Step three:  Understand that there is a difference between FTA, and other forms of penalty relief, such as reasonable cause.  Doing this will help you understand how to properly fill out the paperwork, which will  

While this difference is a nuanced one, it does highlight why it’s important to work with either the collections agent or the taxpayer advocate.  A knowledgeable IRS employee will know exactly what blocks to fill, and how to walk you through the paperwork.  Also, detailed notes are kept for each conversation, so you shouldn’t have to reinvent the wheel with each phone call.   

Step four:  Once the penalty abatement is approved, ask for written notification of the change to your tax bill.  The agent should be able to tell you the new balance over the phone (taxes owed, interest, any remaining penalties).  However, you should request this in writing as well.  That way, you can have it for your records. 

Step five (if applicable):  If your request for abatement was denied, you can appeal.  The IRS offers a penalty appeal self help tool, which outlines the conditions under which an appeal might abate your penalty.  Some of these reasons include: 

  • Reasonable cause:  This is kind of a catch-all for tax penalties could be abated, but don’t technically qualify for FTA.  Usually, this is what you would request, in addition to FTA, when working with the taxpayer advocate, in cases where your tax issues are your fault. 

  • Statutory exceptions:  In some cases, the law allows for certain exceptions.  If this applies to your situation, then you would have grounds for an appeal. 

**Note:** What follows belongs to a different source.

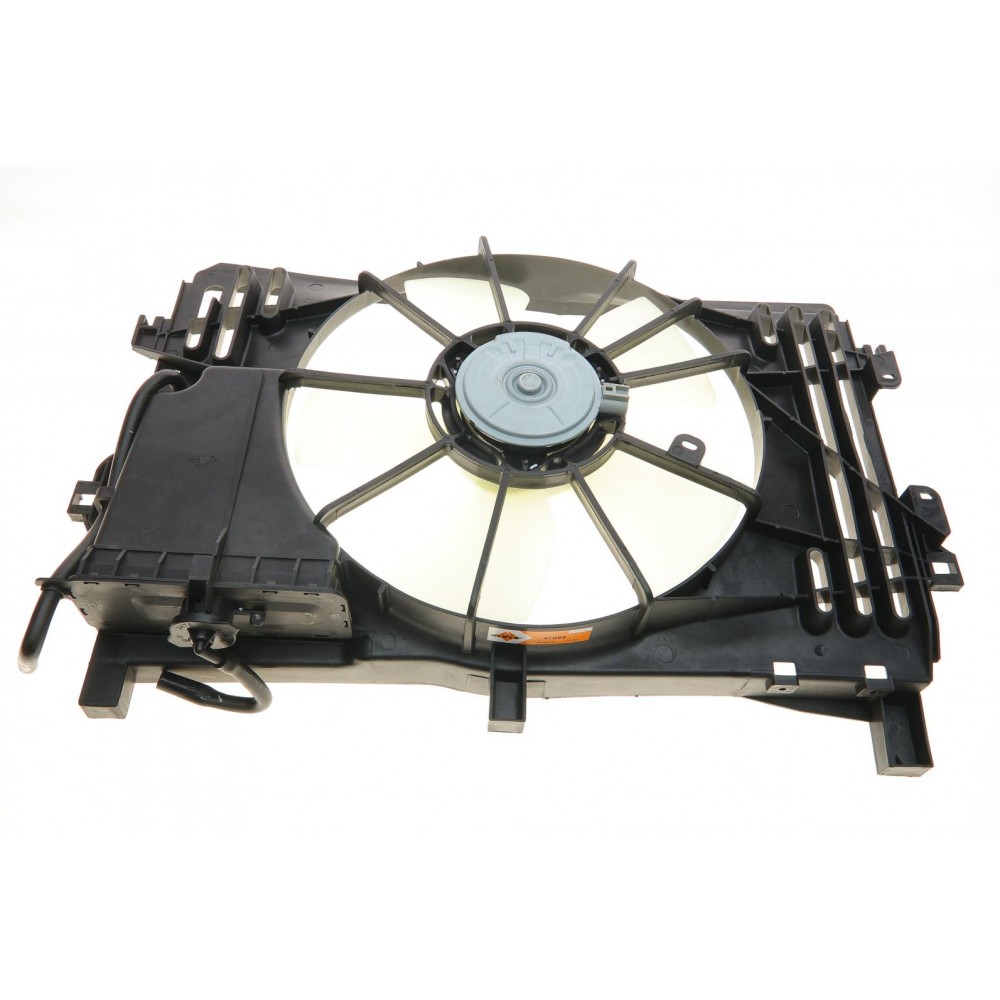 Вентилятор радіатора Toyota Corolla 01-08 (360mm) (з дифузором)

  • Administrative waiver:  There might be a formal government directive providing penalty relief because of a catastrophic event or natural disaster.  

Keep in mind that you have 30 days from the date of your rejection letter to file your appeal.  You will want to contact the IRS well in advance, so you can best prepare yourself to request the appeal. 

Conclusion 

While it’s easy to find the IRS’ first time penalty abatement policy with an online search, the mechanics are much more complicated than you might think.  With that said, the IRS does provide a lot of resources to help you through this process.  In order to have the best change of abating your tax penalties, you should expect to be engaged and diligent. 

Incorporating tax planning into your financial planning is one of the best ways to avoid tax problems in the first place.  If you’re looking for professional help going forward, you might consider hiring a tax-focused financial planner who will help you in reaching your financial goals.